What more could have been done to counter that after 9/11?
Well, we all remember the human reactions to what happened in New York City on that beautiful morning. Our world was turned upside down. It’s extremely ironic, when you step back and look at it, that a German can fly to London and walk downtown uninhibited, and he’s flying in from a country that waged two world wars. Yet I, as a former prime minister of Canada, get on a plane to go 55 minutes from Montreal to New York City, and I have to be interrogated, investigated and practically undressed to get across the border. So that’s the price we’ve been paying ever since 9/11. Subsequent Canadian governments, particularly the Harper government, have invested billions of dollars and an enormous amount of work in arresting the tendency toward the thickening of the border, but there’s been no response from the other side.
What’s your assessment of U.S.—what’s the word for it?—enthusiasm for the relationship with Canada and Mexico?
I think the enthusiasm for the relationship is well under control.
Under control, meaning?
Meaning it’s there in a very limited way. We do not appear to be a priority for them. And Mexico, for the average American legislator, conjures up images of violence and illegal immigration and drug trades. Those are the brutal realities of daily politics. And so we’re going to have to fight to get the changes we want.
Is Canada doing enough to get back on Washington’s agenda?

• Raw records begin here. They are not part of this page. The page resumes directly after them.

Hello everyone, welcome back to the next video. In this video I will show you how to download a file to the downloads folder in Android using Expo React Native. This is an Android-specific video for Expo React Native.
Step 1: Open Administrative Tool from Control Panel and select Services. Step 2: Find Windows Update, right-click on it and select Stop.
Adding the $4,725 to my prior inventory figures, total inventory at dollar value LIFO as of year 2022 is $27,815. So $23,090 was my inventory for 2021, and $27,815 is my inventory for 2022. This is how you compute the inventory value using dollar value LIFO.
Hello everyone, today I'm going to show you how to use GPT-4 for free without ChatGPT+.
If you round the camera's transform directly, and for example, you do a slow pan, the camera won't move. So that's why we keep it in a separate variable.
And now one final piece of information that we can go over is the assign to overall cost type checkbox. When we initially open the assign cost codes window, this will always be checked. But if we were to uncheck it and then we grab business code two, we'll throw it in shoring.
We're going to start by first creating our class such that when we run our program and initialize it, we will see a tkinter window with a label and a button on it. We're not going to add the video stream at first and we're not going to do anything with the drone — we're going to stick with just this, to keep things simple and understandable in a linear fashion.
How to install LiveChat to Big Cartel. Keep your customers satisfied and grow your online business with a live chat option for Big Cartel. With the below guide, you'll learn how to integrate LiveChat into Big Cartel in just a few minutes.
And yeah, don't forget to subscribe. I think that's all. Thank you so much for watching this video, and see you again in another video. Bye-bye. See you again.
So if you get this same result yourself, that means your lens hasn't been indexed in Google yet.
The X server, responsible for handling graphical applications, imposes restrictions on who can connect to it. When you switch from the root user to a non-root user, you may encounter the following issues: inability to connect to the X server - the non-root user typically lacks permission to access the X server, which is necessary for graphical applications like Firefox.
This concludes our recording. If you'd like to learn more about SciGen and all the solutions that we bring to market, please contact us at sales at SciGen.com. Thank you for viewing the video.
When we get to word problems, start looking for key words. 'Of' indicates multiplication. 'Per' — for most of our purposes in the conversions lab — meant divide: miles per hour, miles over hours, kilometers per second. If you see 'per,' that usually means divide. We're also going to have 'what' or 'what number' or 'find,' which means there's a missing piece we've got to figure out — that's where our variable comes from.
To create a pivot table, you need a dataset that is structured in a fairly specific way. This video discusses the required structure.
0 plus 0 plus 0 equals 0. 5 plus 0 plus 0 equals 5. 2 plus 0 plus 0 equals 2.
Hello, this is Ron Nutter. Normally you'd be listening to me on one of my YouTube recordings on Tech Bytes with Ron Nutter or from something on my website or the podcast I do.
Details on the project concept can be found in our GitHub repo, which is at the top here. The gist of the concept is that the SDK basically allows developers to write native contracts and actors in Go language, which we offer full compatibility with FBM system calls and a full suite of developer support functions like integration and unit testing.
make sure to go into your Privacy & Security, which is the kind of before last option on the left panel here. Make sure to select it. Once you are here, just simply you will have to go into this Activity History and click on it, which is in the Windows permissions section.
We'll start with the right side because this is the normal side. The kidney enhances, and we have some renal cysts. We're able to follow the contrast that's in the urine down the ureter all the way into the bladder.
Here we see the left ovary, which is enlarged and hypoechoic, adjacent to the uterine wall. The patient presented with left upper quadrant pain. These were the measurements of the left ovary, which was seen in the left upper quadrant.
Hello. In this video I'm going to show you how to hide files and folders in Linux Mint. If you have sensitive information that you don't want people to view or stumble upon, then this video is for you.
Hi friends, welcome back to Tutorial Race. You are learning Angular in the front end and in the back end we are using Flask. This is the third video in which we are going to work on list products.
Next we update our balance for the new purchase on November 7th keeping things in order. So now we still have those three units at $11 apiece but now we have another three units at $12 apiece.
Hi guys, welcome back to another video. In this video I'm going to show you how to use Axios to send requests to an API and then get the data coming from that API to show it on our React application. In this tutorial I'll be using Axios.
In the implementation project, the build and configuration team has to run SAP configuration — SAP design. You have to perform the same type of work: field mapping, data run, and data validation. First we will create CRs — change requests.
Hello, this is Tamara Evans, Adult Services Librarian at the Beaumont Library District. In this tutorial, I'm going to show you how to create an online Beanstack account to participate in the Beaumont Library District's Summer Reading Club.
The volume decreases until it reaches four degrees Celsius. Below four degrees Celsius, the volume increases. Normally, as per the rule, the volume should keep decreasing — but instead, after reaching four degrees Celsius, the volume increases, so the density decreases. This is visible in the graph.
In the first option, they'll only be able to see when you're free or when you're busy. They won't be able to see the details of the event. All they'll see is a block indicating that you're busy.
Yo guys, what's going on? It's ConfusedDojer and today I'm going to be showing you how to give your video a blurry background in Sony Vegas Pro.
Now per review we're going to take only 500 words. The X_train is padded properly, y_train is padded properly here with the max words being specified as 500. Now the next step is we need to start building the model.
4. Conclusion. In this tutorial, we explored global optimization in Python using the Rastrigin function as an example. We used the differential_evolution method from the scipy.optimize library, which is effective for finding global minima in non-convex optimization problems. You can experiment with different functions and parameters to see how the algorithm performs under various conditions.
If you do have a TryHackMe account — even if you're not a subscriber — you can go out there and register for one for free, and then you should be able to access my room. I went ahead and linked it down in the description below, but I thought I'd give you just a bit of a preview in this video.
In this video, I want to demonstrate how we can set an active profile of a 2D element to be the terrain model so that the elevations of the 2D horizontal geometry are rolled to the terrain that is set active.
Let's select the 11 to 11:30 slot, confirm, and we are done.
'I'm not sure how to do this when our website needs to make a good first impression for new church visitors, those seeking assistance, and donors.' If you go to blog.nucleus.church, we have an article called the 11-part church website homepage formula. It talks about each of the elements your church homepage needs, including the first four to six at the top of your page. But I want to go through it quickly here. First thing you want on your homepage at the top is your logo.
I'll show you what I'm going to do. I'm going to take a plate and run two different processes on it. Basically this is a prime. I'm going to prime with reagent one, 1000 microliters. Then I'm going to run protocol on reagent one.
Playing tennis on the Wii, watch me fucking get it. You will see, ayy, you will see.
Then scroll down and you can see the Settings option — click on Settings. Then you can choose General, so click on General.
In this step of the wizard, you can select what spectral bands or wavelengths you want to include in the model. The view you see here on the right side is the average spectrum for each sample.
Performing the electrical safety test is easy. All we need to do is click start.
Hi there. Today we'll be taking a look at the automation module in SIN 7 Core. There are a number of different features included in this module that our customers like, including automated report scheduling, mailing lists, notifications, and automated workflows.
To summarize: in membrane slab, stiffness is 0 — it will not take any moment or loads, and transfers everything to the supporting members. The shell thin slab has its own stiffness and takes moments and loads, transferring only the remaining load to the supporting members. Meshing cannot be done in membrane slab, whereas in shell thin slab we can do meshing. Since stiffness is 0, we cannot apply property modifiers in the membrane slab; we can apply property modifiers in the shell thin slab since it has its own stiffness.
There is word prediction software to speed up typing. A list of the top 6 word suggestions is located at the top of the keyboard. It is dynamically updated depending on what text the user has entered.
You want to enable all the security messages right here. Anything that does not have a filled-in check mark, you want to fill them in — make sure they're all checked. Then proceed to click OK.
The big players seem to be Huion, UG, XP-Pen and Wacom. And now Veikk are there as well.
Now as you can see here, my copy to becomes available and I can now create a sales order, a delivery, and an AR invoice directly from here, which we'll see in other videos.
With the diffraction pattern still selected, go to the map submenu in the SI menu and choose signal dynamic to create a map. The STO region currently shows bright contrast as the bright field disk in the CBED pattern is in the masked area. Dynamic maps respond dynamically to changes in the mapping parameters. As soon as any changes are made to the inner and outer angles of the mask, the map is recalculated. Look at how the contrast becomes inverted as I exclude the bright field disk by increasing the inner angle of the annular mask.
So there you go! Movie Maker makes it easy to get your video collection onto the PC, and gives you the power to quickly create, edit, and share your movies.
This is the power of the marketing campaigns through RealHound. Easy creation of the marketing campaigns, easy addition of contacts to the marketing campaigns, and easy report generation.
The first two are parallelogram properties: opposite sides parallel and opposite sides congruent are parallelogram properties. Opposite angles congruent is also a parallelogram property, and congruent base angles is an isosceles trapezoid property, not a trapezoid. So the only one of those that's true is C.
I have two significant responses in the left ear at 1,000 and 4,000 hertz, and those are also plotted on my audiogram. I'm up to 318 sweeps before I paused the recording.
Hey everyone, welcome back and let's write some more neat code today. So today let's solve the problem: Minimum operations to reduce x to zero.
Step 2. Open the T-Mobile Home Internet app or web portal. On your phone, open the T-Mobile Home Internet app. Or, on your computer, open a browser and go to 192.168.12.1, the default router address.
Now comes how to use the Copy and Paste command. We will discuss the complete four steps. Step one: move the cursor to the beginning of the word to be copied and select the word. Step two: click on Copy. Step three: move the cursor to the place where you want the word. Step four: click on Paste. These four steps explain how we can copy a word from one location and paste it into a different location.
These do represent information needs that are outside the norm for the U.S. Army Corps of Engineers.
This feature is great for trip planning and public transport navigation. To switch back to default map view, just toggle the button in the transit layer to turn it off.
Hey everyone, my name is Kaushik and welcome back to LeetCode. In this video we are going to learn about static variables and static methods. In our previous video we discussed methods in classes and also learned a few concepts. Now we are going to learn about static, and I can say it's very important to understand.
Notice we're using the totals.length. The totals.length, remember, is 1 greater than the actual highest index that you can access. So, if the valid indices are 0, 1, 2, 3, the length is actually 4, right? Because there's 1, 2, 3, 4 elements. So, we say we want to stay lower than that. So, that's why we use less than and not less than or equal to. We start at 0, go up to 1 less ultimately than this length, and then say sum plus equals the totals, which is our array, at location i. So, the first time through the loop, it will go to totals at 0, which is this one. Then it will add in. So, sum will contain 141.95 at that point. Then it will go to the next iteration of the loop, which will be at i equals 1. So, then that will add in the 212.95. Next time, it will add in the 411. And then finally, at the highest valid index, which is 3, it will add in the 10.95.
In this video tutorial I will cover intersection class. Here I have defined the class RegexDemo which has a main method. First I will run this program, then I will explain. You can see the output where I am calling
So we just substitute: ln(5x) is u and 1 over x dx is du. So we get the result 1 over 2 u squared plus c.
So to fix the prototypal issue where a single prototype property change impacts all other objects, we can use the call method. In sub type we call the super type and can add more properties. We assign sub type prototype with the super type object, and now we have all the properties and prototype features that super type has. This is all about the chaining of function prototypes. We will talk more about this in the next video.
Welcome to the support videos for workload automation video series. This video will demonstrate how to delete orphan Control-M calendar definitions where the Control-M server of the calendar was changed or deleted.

I know that Prime Minister Harper has worked very hard at the relationship. But it takes two to tango. I was fortunate that I dealt with people like Reagan, Bush and Clinton. I was able to get their attention and keep it for the big deals—the Canada-U.S. FTA, NAFTA, the Acid Rain Treaty, the Arctic Sovereignty Treaty—because the president had decided for his own reasons to give Canada priority treatment. Today, I see enormous efforts made by the Canadians, but I’m not sure I see the full degree of reciprocity to which Prime Minister Harper and his colleagues are entitled.
Some are talking about the need for “NAFTA 2.0.” Good idea?
We have NAFTA. We have the framework we need. We’ve all benefited, but principally Mexico. I’ve read projections that, by the year 2050, it will have the fifth-largest economy in the world. They are in the process of showing what could be done by a free trade agreement for the Americas, because NAFTA was an agreement—for the first time—between two G7 countries and a developing nation. So I think NAFTA’s profile should almost be that of a battering ram, knocking down the attitudinal barriers that have existed for hundreds of years in Latin America. The salvation for Latin America, and for us all, comes in greater trading alliances.
Any thoughts on the recent Canada-EU Trade Agreement?
Well, look, the CETA deal is a very good one for Canada. But a legitimate question is, could we have done a better deal if we had negotiated with the Europeans as NAFTA?
Was a unified North American trading bloc part of your vision?
Yes, it was. And President Bush shared that vision. And would it still be realistic that some day the world will look at us as part of a free trade area of the Americas, with that vast power at our disposal? Why not? There’s no reason that brighter and younger people can’t bring this about. But someone’s got to spend the political capital. If leaders decide to exercise political will on visionary projects, they might suffer unpopularity, but years after they leave, their vision will be recognized by their successors and their countries.
Is that how you look back on your legacy?
I look back on everyone’s legacy the same way—Reagan, Thatcher, myself. I’ve noticed that those who are timid and timorous, who choose not to take risks but conduct themselves only in ways that make them popular, have very meagre legacies for historians to nibble on.